Work request:
Below are some entries. Transcribe the lines from the one holding "アルフォービューティー 広島店(ALU for" to the one holding "Invitrogen HIP Polyclonal", inclusive, but not the pictures among them.

Segment Start: Exercise material

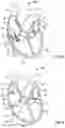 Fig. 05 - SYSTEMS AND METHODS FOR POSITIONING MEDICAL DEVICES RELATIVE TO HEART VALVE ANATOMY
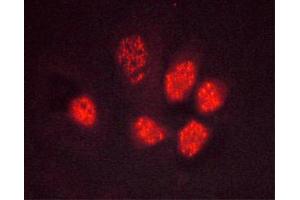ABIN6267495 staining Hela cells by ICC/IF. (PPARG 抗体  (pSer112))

Segment End: Exercise material
Segment Start: Exercise material

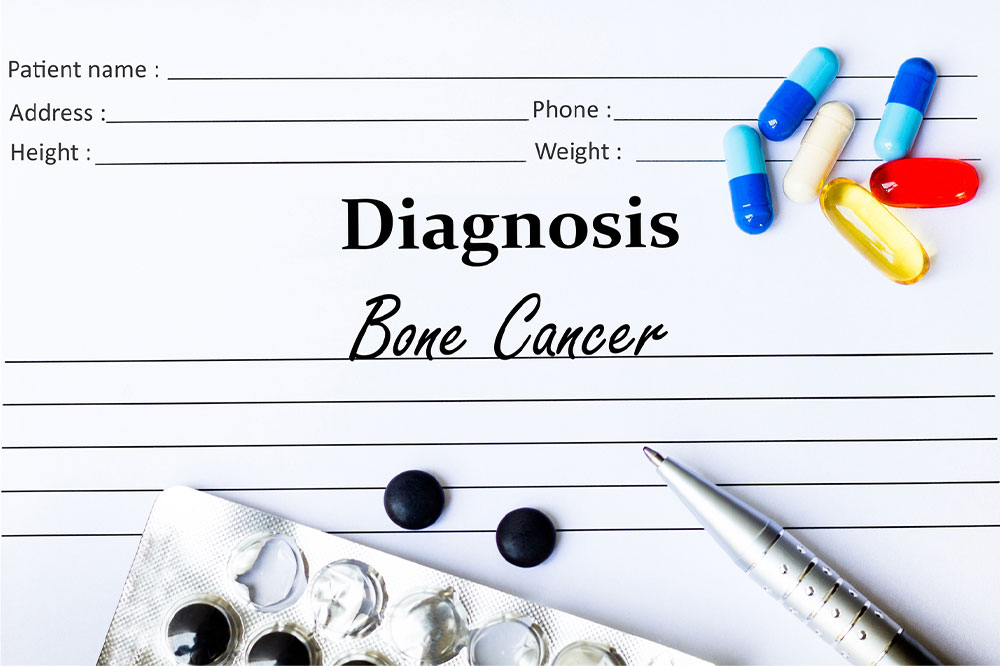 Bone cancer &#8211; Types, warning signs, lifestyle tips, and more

Segment End: Exercise material
Segment Start: Exercise material

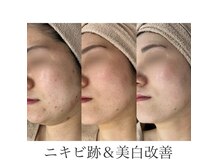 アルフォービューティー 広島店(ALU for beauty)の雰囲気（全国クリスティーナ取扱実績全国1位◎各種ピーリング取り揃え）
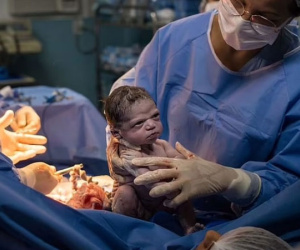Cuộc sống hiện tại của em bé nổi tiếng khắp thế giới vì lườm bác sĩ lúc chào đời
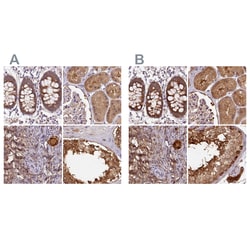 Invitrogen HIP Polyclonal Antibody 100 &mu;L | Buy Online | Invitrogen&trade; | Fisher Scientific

Segment End: Exercise material

Answer area:
 アルフォービューティー 広島店(ALU for beauty)の雰囲気（全国クリスティーナ取扱実績全国1位◎各種ピーリング取り揃え）
Cuộc sống hiện tại của em bé nổi tiếng khắp thế giới vì lườm bác sĩ lúc chào đời
 Invitrogen HIP Polyclonal Antibody 100 &mu;L | Buy Online | Invitrogen&trade; | Fisher Scientific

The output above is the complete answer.